Lalenin Bahçesi

Bir kırmızı Lale işte.
Kitap okumayı, sohbeti, sinemayı, İstanbul'u ille de Üsküdar'ı sever. Olmazsa olmazları ailesi, Zuz, Cancan ve denizdir.
Çok şiir okumaz ama okursa Atilla İLHAN ve Orhan VELİ okur. Paylaşmazsa görmüş gibi okumuş gibi hissetmez kendini...

20 Aralık 2011 Salı

Salı salı

Dün bütün gün evde divil divil divildedim hahah bu Ordu'da , hiç durmadan sürekli bir şeyler yapmayı anlatma biçimi. Sürekli amaç amaçsız ortada gezene de div div etme diyebilirsiniz.
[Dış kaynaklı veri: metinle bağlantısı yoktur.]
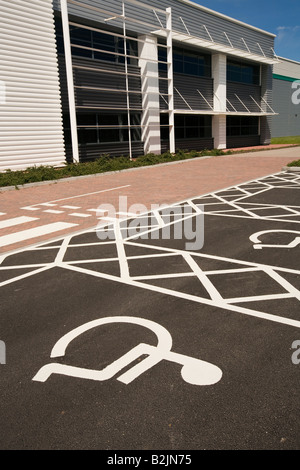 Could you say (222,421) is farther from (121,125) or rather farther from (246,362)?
(121,125)

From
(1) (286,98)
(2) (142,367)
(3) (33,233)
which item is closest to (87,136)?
(3) (33,233)

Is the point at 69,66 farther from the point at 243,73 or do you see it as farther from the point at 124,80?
the point at 243,73

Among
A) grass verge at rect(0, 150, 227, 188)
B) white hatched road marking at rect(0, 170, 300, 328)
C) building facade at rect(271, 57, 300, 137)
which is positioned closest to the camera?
white hatched road marking at rect(0, 170, 300, 328)

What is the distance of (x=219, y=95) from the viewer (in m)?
33.9

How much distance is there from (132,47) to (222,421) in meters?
27.7

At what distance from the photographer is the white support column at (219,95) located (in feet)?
109

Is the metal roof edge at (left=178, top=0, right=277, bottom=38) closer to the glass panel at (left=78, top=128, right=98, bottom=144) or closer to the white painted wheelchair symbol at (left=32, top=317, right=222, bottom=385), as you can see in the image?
the glass panel at (left=78, top=128, right=98, bottom=144)

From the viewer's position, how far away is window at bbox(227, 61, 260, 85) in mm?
36188

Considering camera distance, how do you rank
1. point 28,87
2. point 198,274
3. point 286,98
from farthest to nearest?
point 286,98
point 28,87
point 198,274

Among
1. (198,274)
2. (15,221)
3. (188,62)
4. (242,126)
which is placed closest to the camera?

Akşam'da Mor Menekşeleri izledik. Dönem dizilerini çok seviyorum. Hele mekan ve kostümlerde tam yerine oturuyorsa ; tadından yenmiyor. Mor Menekşeler böyle bir dizi..Fakir Şükrü'ye bayılıyorum, Hayali'ye bayılıyorum. Kocasının çok kıskandığı o tombik yengeye bitiyorum.
Diziden sonra kitabıma devam ettim. Kitabım sevgili Düşlerin Rengi Zeynep2in gönderdiği İkizler... Hiç rastlamadığım bir anlatım tarzı var. Sanki bir tiyatro sahnesinde oyun izler gibi okuyorum.Yazar geri dönüşleri, sanki sahne değişimleri gibi ifade ediyor.Sizi hikayenin içine almadan seyirci gibi dışarda tutuyor.Kitap çok çok zamanlı, birbirinden altı yaşında ayrılmak zorunda kalan ikizlerin yetmişli yaşlarda bir kaplıcada karşılaşmalrı ile başlıyor. Tabi sık sık geri dönüşler var. Yazar bunu, şimdi Köln'de cenazedeyiz ya da şimdi bilmem kaç yılında şuradayız gibi geçişleri belirtiyor. Çok değişik geldi ve çok hoşuma gitti...Bakalım hayatın iki farklı kıyısında yetişen ikizler bana ne anlatacaklar. Sanırım çok uzun bir yolculuk bekliyor beni...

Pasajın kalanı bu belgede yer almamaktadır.